FG: Yeah, I guess. (Pause) But they're gonna build--they're building parts of it. We established the guidelines, so, for better and for worse, it's going to be an irregular skyline.

Goldberger is writing Gehry's biography, so he has lots of opportunity to examine  the thin-skinned Gehry's rather fraught relationship with Atlantic Yards and, as detailed below, Gehry's own acknowledgment that scale was a challenge.


Watch live streaming video from yale at livestream.com

From a 10/31/05 interview

FG: But it does bring up the issue, which I’m struggling with now in Brooklyn, a lot. We’re about to build, probably, an arena for the Nets, and a lot of housing. And everything we’re building is out of scale with the existing area. And the struggle is: It’s a neighborhood that’s not very well-defined, but there is a constituency of people that live there who fantasize this Brooklyn as brownstones and Court Street and Carroll Gardens and all that, which isn’t on this site. 

[AYR: One of six or so blocks was. See photo at left of Dean Street west of Sixth Avenue. There was also an opportunity to transform industrial buildings, in the same way Forest City Enterprises had done elsewhere. See photo of Pacific Street below.] 

But in their mind, Brooklyn should continue to be like that. But this part of Brooklyn isn’t going to be like that. And so this developer’s is interested in doing something special. Their history is, they haven’t, but now they want to. I took them at their word, and they have been very fastidious in supporting the things that I think are important. [AYR: This, of course, was before Ratner and Gehry parted ways.]

The struggle is, you end up with sort of a pseudo-19th century scheme—how do you take that into the 21st century, what makes it different, how do you make a complex that doesn’t look like a project even though one architect’s doing it? Normally I would’ve brought in five other architects, but one of the requirements of this client is that I do it. 
[AYR: Didn't Gehry realize he had the clout to have his way? Ratner needed him more than Gehry needed Ratner.] And so, how do you make buildings that fit, how do you make a new skyline, how do you develop a scale at the ground level, how do you create the opportunities, how do you fit an arena that at night brings a lot of people in, and is bright and sparky and a party, and the during the day what does that mean.

Those are all the issues, and they’re similar to the issues of my house, just at a bigger scale. I have a sense of responsibility to deliver something that’s a good neighbor.

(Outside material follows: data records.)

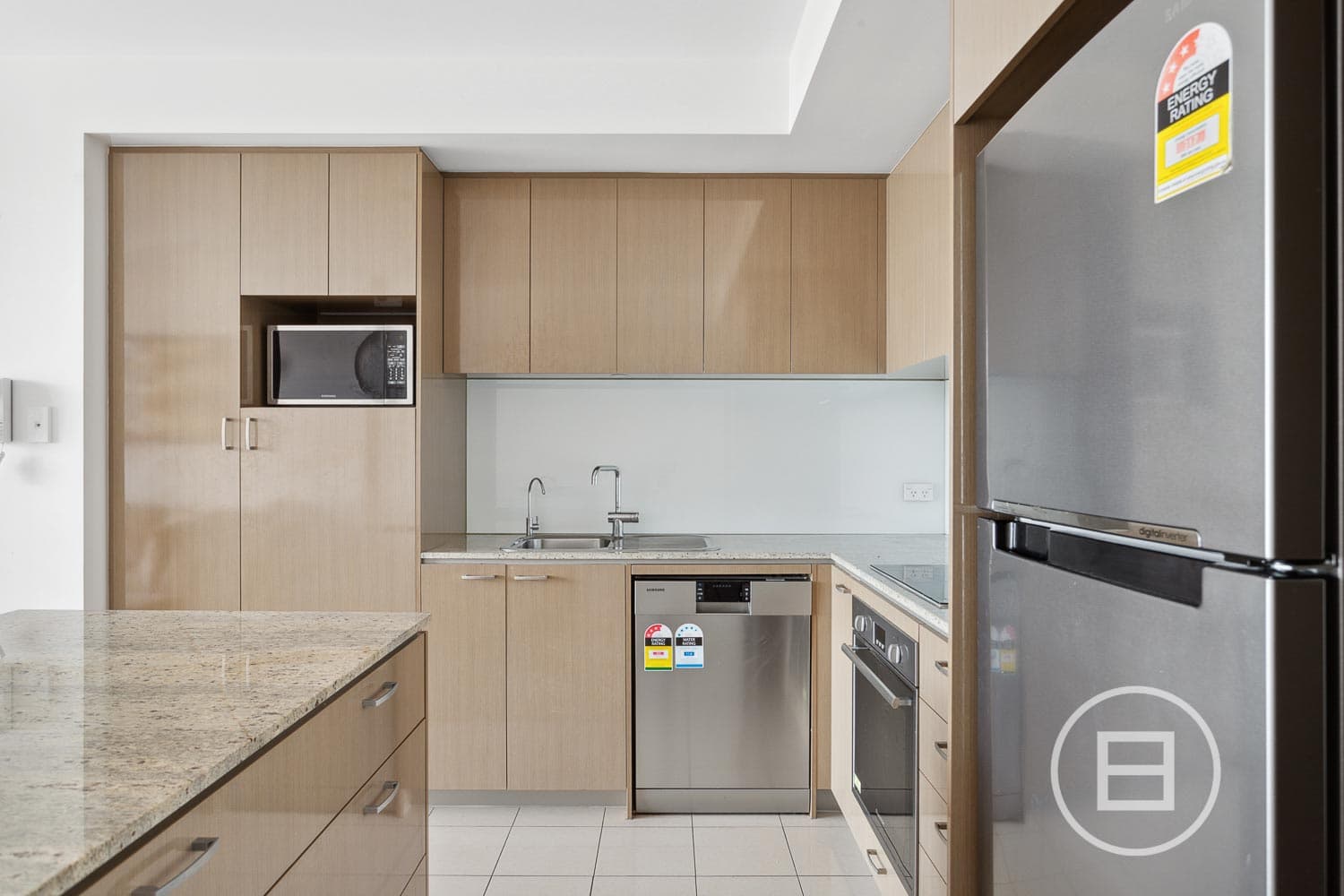 111/131 Harold Street, HIGHGATE, WA, Highgate - Thumbnail 3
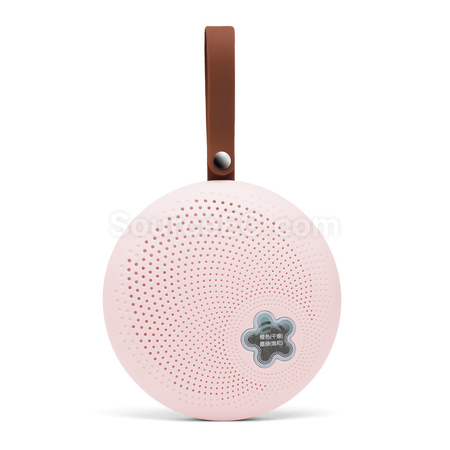 Customization Recyclable Dehumidification Box Promotional Products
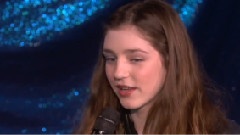 Birdy - Skinny Love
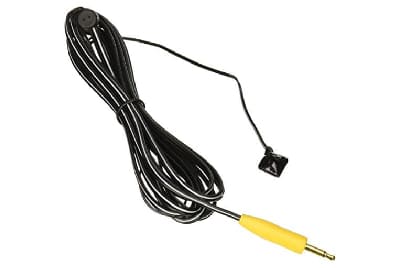 Xantech venta de cables de control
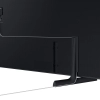 Samsung The Frame 75LS03BG 4K Ultra HD 75" 190 Ekran Uydu Alıcılı Smart QLED TV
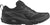Salomon Sense Ride 5 Trail Running Shoes - Men's - Black - Magnet - Black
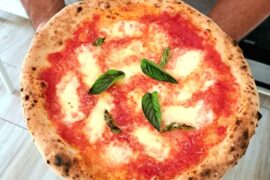 Margherita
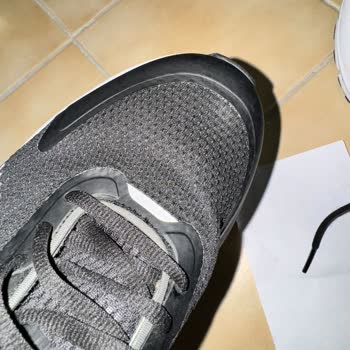 Boyner Kusurlu Ürünler İçin Değişim Yapmıyor!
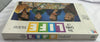 Game of Life - 1991 - Milton Bradley - New/Sealed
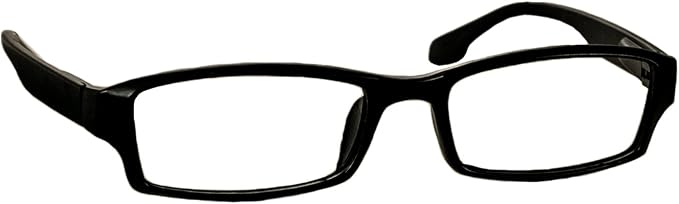 TruVision Readers Reading Glasses, Comfort Spring Hinges by Truvision+Readers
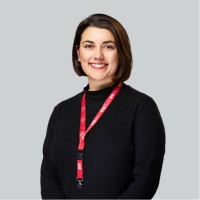 Mercè Pérez Vila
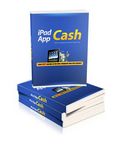 iPad Apps Cash - eBook Series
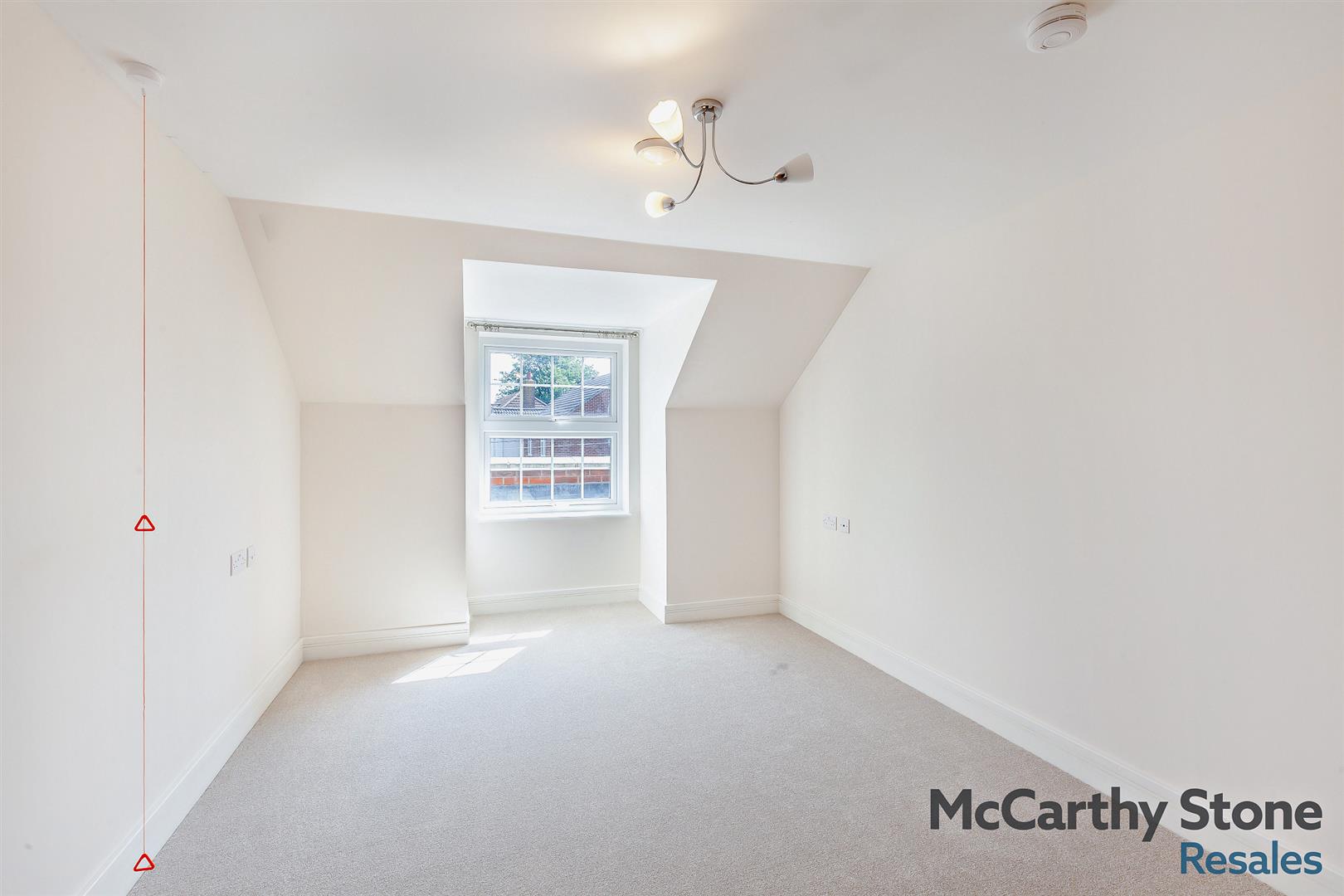 Weighbridge Court, 301 High Street, Chipping Ongar, Essex, CM5 9FD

So I’m caught in this thing. And it’s a wonderful, scary place to be, I tell you. I have sleepless nights about it. I some days look at the project and think I can’t do it, I can’t, I go back and forth. I’m very insecure about it. I’ve brought all kinds of people in to criticize it, beat me up, do whatever, because I want to get it right. But it is that kind of issue.


Interviewer Kelvin Sealey: You bring up a number of issues… one in particularly concerns unbuilding. Some portion of the land that your structures will go on currently have buildings, is that correct?

FG: Not very many. [AYR: Well, take a look at Tracy Collins's map, below.]

Atlantic Yards photo map

KS: Not very many. But to the extent of whatever is there, be they rail yards or a few brownstones or whatever is there, there’s a certain amount of unbuilding. I’m wondering if, when you think of your designs, you think about an unbuilding process?

FG: No, because that was a given to me, I had nothing to say or do about that about that process, it was given to me. I suppose some of the buildings--when we started, there were a few buildings that were going to be kept, and we worked around them, and that felt better to me, to be able to do that, but they disappeared.

AYR: That's fairly blithe, even cold-blooded of him.

Also recall that, at a 1/7/06 appearance in New York. Gehry asserted that there would be major changes: We've been playing with the scale. The pictures you saw in the New York Times [7/5/05], the way it looked--it's not that big. It’s big, but not that big. It’s coming way back, in a lot of areas, and I guess something will go public in the next few months.

AYR: It didn't--at least it didn't come "way back."